It’s still never very pleasant to be sacked but in 1962, it could ruin a career. Angry as she was, when given the choice of leaving immediately or working her month’s notice, Hilary realised that it would be far more difficult for Dickie if she stayed, so she elected to work the month’s notice.
I was still in the Baby room. She came to me in floods of tears and I just couldn’t believe it. I had mixed feelings as well. She was my friend. If I had been there that weekend, I would have gone in the office with her and that would have meant I would have been sacked as well.

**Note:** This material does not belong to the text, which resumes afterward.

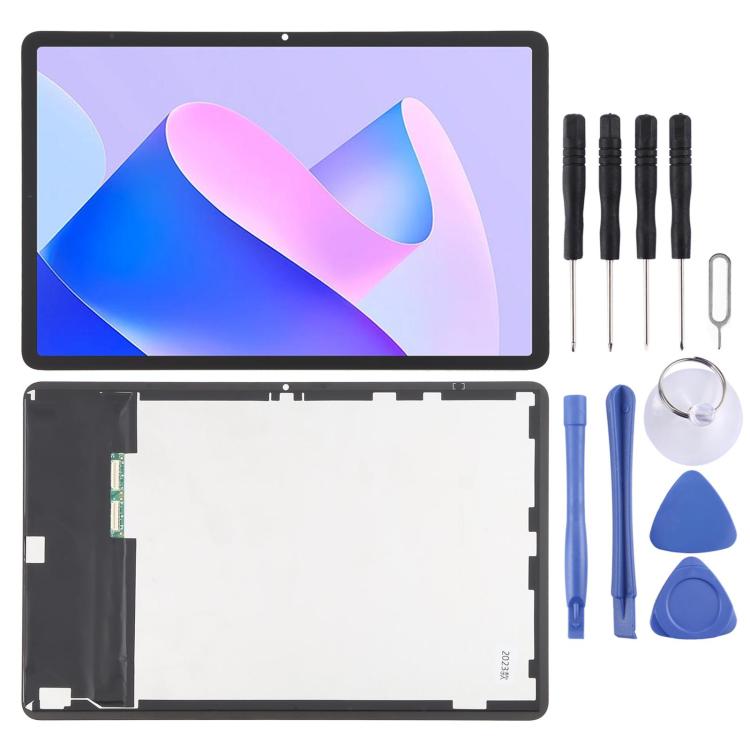 Schermo LCD opaco originale con digitalizzatore per Huawei MatePa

From that moment on the whole atmosphere of the nursery changed. Dickie must have sensed a great deal of hostility. Hilary’s decision to work her notice only served to increase the tension. She left at Christmas, her career blighted forever. She had managed to get a job as a mother’s help but because her employer was ‘taking a risk’ her wage was reduced to three pounds a week (which was very low, even for a mother’s help) and for that she was expected to do just about everything. It was imperative that she got a good reference from her new job, because the one she got from the nursery was so damning. Dickie had certainly vented her spleen when she wrote it. Poor Hilary had a very hard time but give credit where credit is due, she stuck it out for a couple of years. We stayed friends and met up quite often on our days off, and she was still fun to be with and daring in what she did. Matron and the nursery supervisor had tried to break her spirit but they never succeeded.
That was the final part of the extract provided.